I thought that by definition, if a Dict has the same keys then their order must also be the same…?

This?


function same_keys(dicts...)
    for d1 in dicts, k1 in keys(d1), d2 in setdiff(dicts, d1)
        (k1 in keys(d2)) || return false
    end
    return true
end

d1 = Dict(:a => rand(), :b => rand())
d2 = Dict(:a => rand(), :b => rand())
d3 = Dict(:a => rand(), :b => rand())
d4 = Dict(:a => rand(), :b => rand(), :r => rand())
same_keys(d1, d2, d3, d4)

I suspect it’s faster to compare the lengths of the dictionaries rather than testing set membership in both directions. I’d propose something like this:

Base.:(==)(a::Base.KeyIterator, b::Base.KeyIterator) = length(a)==length(b) && all(k->in(k,b), a)
2 Likes

Yep, that would be really useful.

However, note that Dict is just one type of Associative and sometimes the question will be asked is: do two Associatives of different types have the same set of keys? Not sure that keys(a) == keys(b) could ever cover all cases if some Associatives just store their keys as a vector or a tuple, say.

One solution would be to make all the different KeyIterator objects subtypes of AbstractSet and make sure that they all have length, in, etc. Then it would be possible to define a general method for ==(a::AbstractSet, b::AbstractSet), if that does not exist already.

(It might be necessary to write faster methods for special cases to get reasonable performance, but that’s a separate issue.)

This makes sense to me. Why wouldn’t keys(dict) be an AbstractSet? It implements the entire (immutable) Set interface in a reasonable complexity.
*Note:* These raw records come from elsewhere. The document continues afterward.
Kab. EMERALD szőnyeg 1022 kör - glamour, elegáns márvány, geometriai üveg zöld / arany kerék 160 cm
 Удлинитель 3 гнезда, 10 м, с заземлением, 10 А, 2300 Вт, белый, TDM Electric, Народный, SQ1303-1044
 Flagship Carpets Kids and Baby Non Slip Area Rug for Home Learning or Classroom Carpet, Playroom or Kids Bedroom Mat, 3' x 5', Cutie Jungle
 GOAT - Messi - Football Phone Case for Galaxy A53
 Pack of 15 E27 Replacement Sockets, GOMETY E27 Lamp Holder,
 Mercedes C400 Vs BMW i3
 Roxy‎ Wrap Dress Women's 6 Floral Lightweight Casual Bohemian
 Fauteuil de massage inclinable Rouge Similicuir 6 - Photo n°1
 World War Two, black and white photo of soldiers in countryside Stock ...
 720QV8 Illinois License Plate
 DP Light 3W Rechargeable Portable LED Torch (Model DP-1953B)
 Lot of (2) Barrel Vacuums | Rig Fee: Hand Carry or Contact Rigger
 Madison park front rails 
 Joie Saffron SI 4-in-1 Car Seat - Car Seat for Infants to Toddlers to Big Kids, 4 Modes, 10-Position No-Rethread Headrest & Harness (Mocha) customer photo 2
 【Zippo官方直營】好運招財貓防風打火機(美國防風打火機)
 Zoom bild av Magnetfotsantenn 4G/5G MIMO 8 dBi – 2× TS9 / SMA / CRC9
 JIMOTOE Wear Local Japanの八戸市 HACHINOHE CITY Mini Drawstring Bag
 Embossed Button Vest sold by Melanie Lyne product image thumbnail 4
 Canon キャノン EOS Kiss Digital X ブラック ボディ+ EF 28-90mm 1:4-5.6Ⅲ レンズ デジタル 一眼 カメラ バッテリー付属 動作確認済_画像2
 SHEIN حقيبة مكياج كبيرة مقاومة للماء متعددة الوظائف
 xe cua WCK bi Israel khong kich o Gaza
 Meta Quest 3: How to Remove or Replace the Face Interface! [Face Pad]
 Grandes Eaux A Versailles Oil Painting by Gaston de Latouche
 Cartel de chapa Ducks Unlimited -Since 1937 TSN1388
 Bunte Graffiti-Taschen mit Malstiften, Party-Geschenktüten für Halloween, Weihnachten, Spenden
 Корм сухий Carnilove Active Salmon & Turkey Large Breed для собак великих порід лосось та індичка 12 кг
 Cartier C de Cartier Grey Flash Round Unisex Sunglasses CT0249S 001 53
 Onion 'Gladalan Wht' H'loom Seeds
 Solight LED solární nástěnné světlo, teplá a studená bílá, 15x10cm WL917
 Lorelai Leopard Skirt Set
Sets are basically implemented as a view over the keys of a dictionary anyway.

Though an edge case, this solution may not always work:

julia> Base.:(==)(a::Base.KeyIterator, b::Base.KeyIterator) = length(a)==length(b) && all(k->in(k,b), a)

julia> p = [1]
1-element Array{Int64,1}:
 1

julia> a = ObjectIdDict(p=>1, [1]=>1)
ObjectIdDict with 2 entries:
  [1] => 1
  [1] => 1

julia> b = Dict(p=>1, [2]=>1)
Dict{Array{Int64,1},Int64} with 2 entries:
  [2] => 1
  [1] => 1

julia> keys(a) == keys(b)
true

julia> keys(b) == keys(a)
false

We may need to better treat the equation operation if we don’t restrict the definition to KeyIterator{Dict{T, S}}

1 Like